Shortly thereafter, I was able to borrow the film for a time and I watched it over and over and showed it to family and friends. That movie really left a deep impression on me. It would have been too much of a leap to imagine that this very film and others I collected over the years would provide the basis for the business I was to build much later.
Through friendships I made during my first years of aikido training I became exposed to other aspects of Japanese culture. I started attending “chambara” (samurai sword-fighting) movies quite often and also saw several classics of Akira Kurosawa, many starring Toshiro Mifune, one of my early heroes. The “Samurai Trilogy” (Miyamoto Musashi) and “Red Beard” were among my favorites. Of course, the attraction for me, a teenager at that time, was the flashy action scenes, the cool detachment of the heroes, and the exotic language and settings. I was fast becoming a Japanophile!
This steady input of aikido and things Japanese led me to begin studying Japanese formally as an elective course at my university. Since there were a number of Japanese speakers at the Los Angeles dojo which I was attending at that time, I had a chance to try out a few Japanese phrases here and there and this made the aikido training and dojo experience all the more enjoyable.
Memoir of the MasterAt the end of 1963, Hozansha Publishing Company put out a book in English titled Aikido by Kisshomaru Ueshiba that had a major impact on the tiny aikido population practicing in America.
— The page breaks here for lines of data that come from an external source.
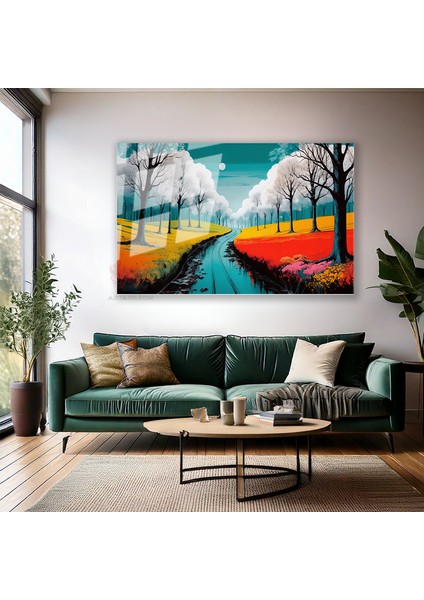 Cam Yatay Duvar Tablosu Cam Doganin Renkleri6 Ev Ofis Salon Modern Duvar Tablosu modelleri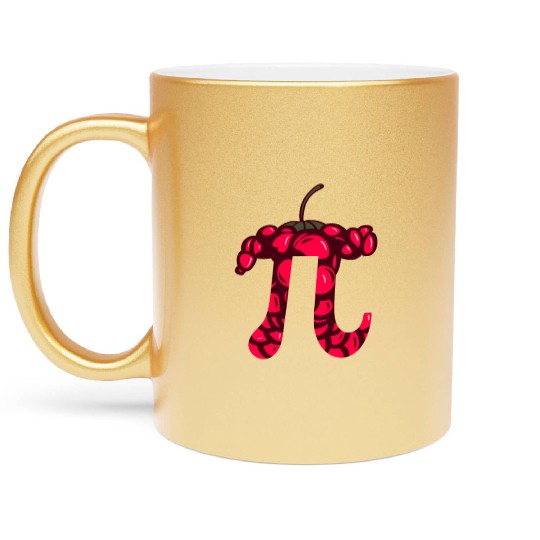 Raspberry Cake - Funny Pi Day Math Teacher Metallic Mugs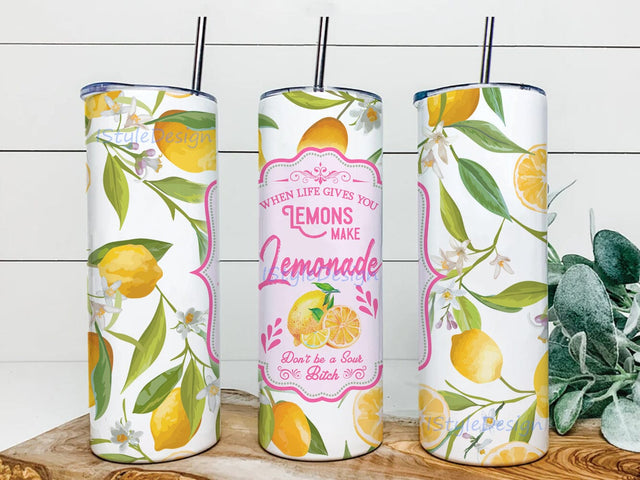 When Life Gives you Lemons Make Lemonade Design Png, Lemonade 20oz Skinny Tumbler, Lemons Tumbler Wrap, Lemons Sublimation Design, Instant Download Sublimation iStyleDesign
This book was a compilation of material appearing in the early Japanese-language Aikido and Aikido Giho by the same author. In addition to the several dozen techniques presented, this book had a few pages devoted to the history of aikido. This initial glimpse of the life of Morihei Ueshiba’s impressed me deeply and I remember reading the text over and over again. Another important section of the book was a 4 1/2 page section titled “Memoir of the Master.” This consisted of a series of maxims attributed to Morihei Ueshiba that encapsulate his moral and spiritual vision and the purpose of aikido.
Although the translated English of the text is imperfect, these paragraphs are profoundly inspiring for their moral depth and original thinking, particularly when viewed from a Western standpoint. The idea of a martial art, normally associated with fighting and violence, being conceived as a tool for peace struck a responsive chord in me for it set forth a series of ethical principles that has served as a guide for me ever since.
A couple of examples of O-Sensei’s words provide an idea of the idealistic content of “Memoir of the Master”:
“True budo is the loving protection of all beings with a spirit of reconciliation…”
“True budo is a work of love. It is a work of giving life to all beings, and not killing or struggling with each other…”
If you read through these aphorisms carefully you will realize that the founder is offering a veiled criticism of the destructive use of budo during Japan’s militaristic era. It would become apparent to me much later that the language used in “Memoir” had been edited to eliminate references to Shinto and Japan’s imperial past and “universalize” the vocabulary for consumption by a postwar readership. Many aikido schools printed up little booklets containing these paragraphs for distribution among their members. In those days, most of the aikidoka in the USA and other English-speaking countries were reading “Memoir of the Master.”
Of course I thoroughly enjoyed aikido training, but the added dimension of a strong spiritual foundation that aikido offered was deeply satisfying to me in a moral sense.